U.S. District Judge Ortrie Smith, proprietor of one electronic
courtroom, said he still is waiting for a tech-savvy lawyer to take
advantage of his slick videoconferencing system.
"If I have a frustration, it is a reluctance to embrace new
technology on behalf of the bar," Smith said recently. "A
live teleconference will save a party thousands of dollars in travel
costs for expert witnesses. Either they (lawyers) are unaware or
they're unwilling to use it."
To interest more lawyers in the new gizmos, the court clerk's
office recently published a brochure detailing the electronic upgrades
and inviting attorneys to come in for training.
The improvements include videoconferencing, improved audio-conferencing,
computer display inputs for lawyers at the counsel tables and big-screen
monitors for the jury. Even the Elmo document display system --
a standard in U.S. courtrooms since the O.J. Simpson trial -- has
been improved with touch-screen capability. That allows witnesses
and lawyers to highlight portions of documents or photographs.
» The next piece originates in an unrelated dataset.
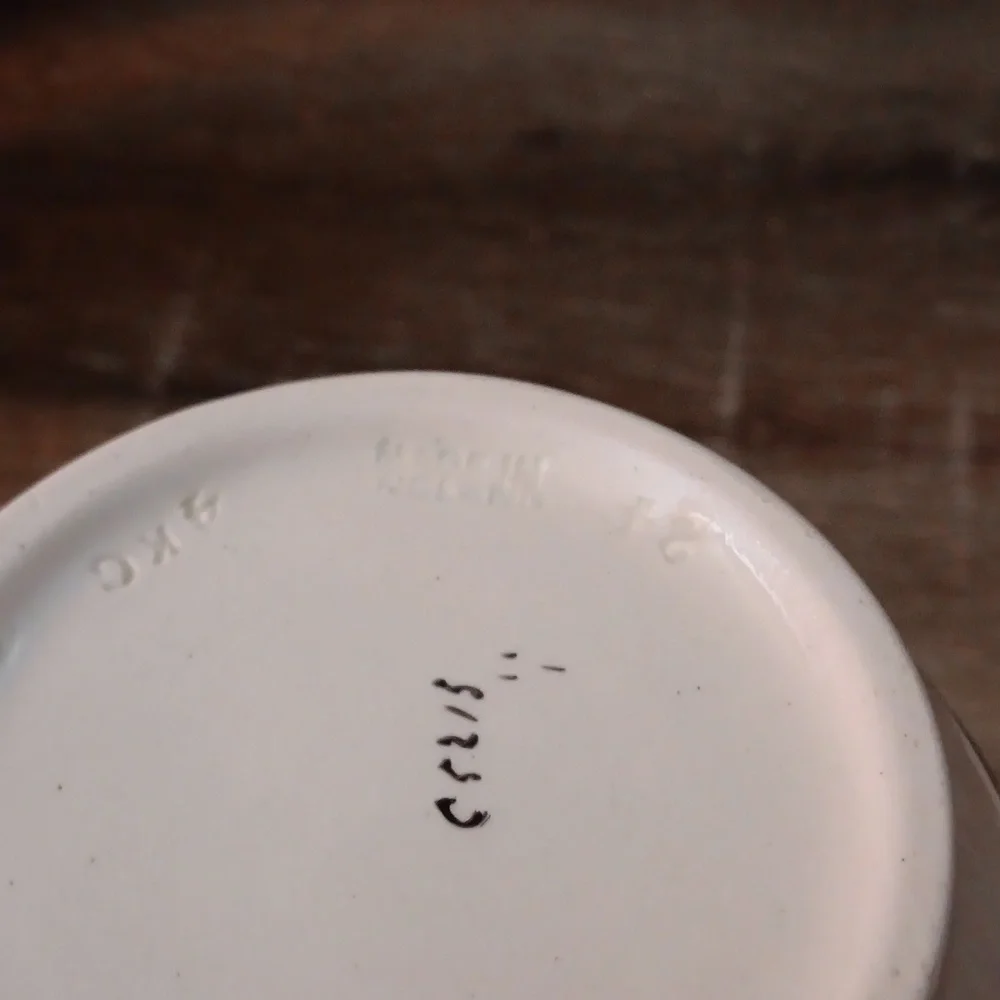 Vintage Wedgewood Hunting Scene Pitcher - Picture 8 of 9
In addition to Smith's courtroom, those of Bankruptcy Judge Frank
W. Koger and District Judge Fernando J. Gaitan also have the new
gadgets.
Geoffrey Green, the clerk's courtroom technology specialist, is
the keeper of this wizardry. He, too, is eager to see more lawyers
get up to speed.
"It's going to change the way we do things," Green said.
Green pointed to a recent bankruptcy hearing, where lawyers in
Delaware participated by videoconference, while parties elsewhere,
including Massachusetts, joined by audio.
And though videoconferencing still is not routine in Kansas City,
courthouses in outlying areas, such as Jefferson City, use it regularly.
Green also noted that more jails and prisons are being equipped
with such gear.
"It saves manpower and addresses concerns about security
and safety by having them appear this way," he said.
Managing paper is one area where technology also can help, Green
said. In paper-intensive civil cases or complicated white-collar
fraud prosecutions, lawyers now can display documents electronically
from their laptops, rather than hauling in boxes. And the lawyers
now can search a mountain of electronic images in nanoseconds and
then bring one up on screens for jurors to view.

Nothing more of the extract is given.